** The data follows **

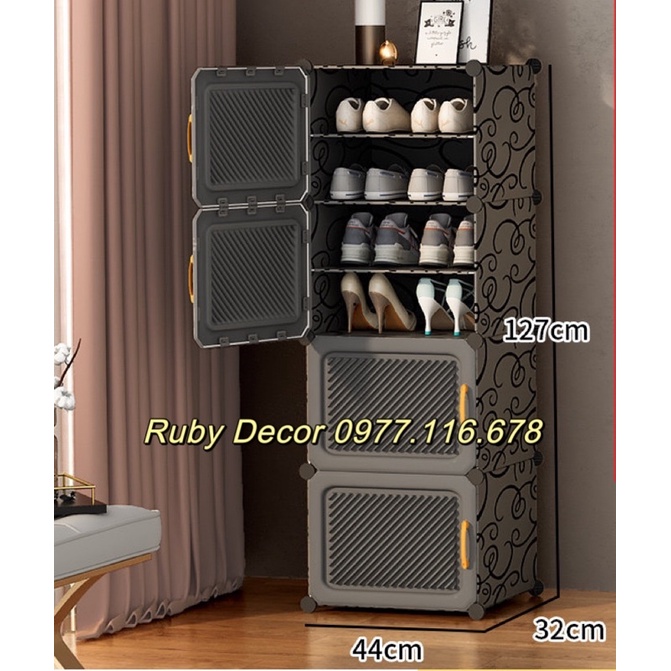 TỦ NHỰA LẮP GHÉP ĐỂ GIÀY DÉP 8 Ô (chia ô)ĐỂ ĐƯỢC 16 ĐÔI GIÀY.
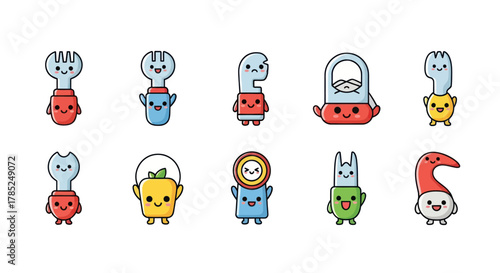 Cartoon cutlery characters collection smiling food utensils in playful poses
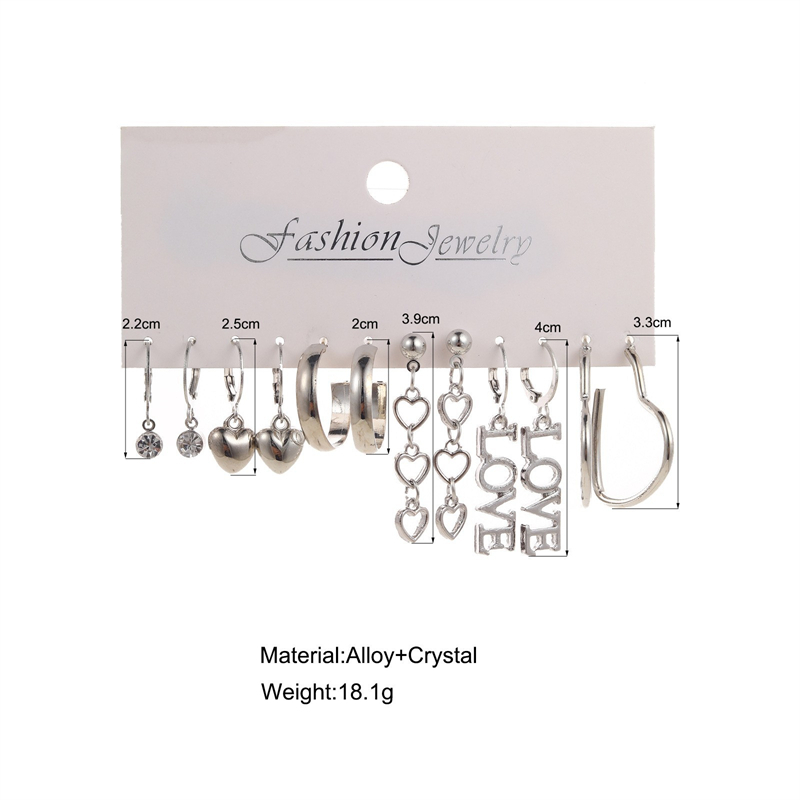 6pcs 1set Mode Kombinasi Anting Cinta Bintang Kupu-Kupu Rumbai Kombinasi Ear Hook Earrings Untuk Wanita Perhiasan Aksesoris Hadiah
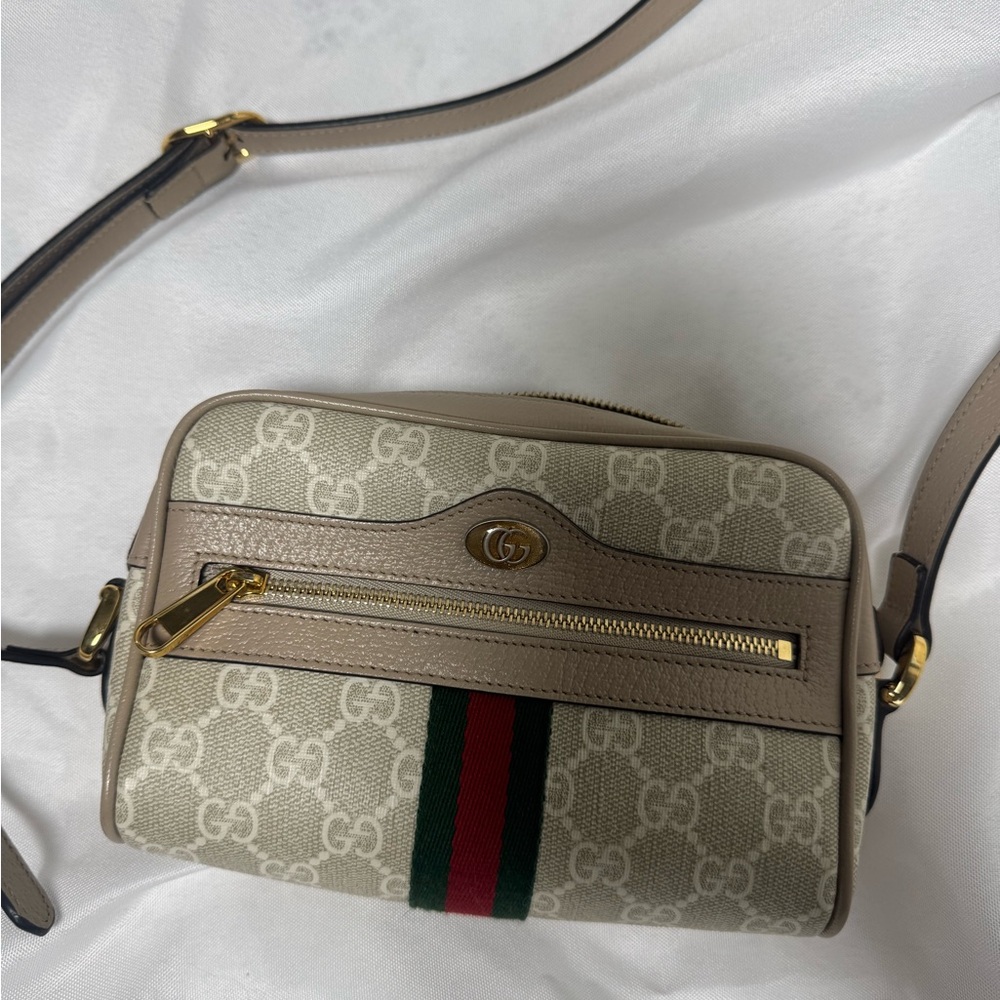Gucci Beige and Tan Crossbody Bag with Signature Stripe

** End of The data **

**Exercise**: Retype the listing exactly. Leave out its pictures.

**Your solution**:
 TỦ NHỰA LẮP GHÉP ĐỂ GIÀY DÉP 8 Ô (chia ô)ĐỂ ĐƯỢC 16 ĐÔI GIÀY.
 Cartoon cutlery characters collection smiling food utensils in playful poses
 6pcs 1set Mode Kombinasi Anting Cinta Bintang Kupu-Kupu Rumbai Kombinasi Ear Hook Earrings Untuk Wanita Perhiasan Aksesoris Hadiah
Gucci Beige and Tan Crossbody Bag with Signature Stripe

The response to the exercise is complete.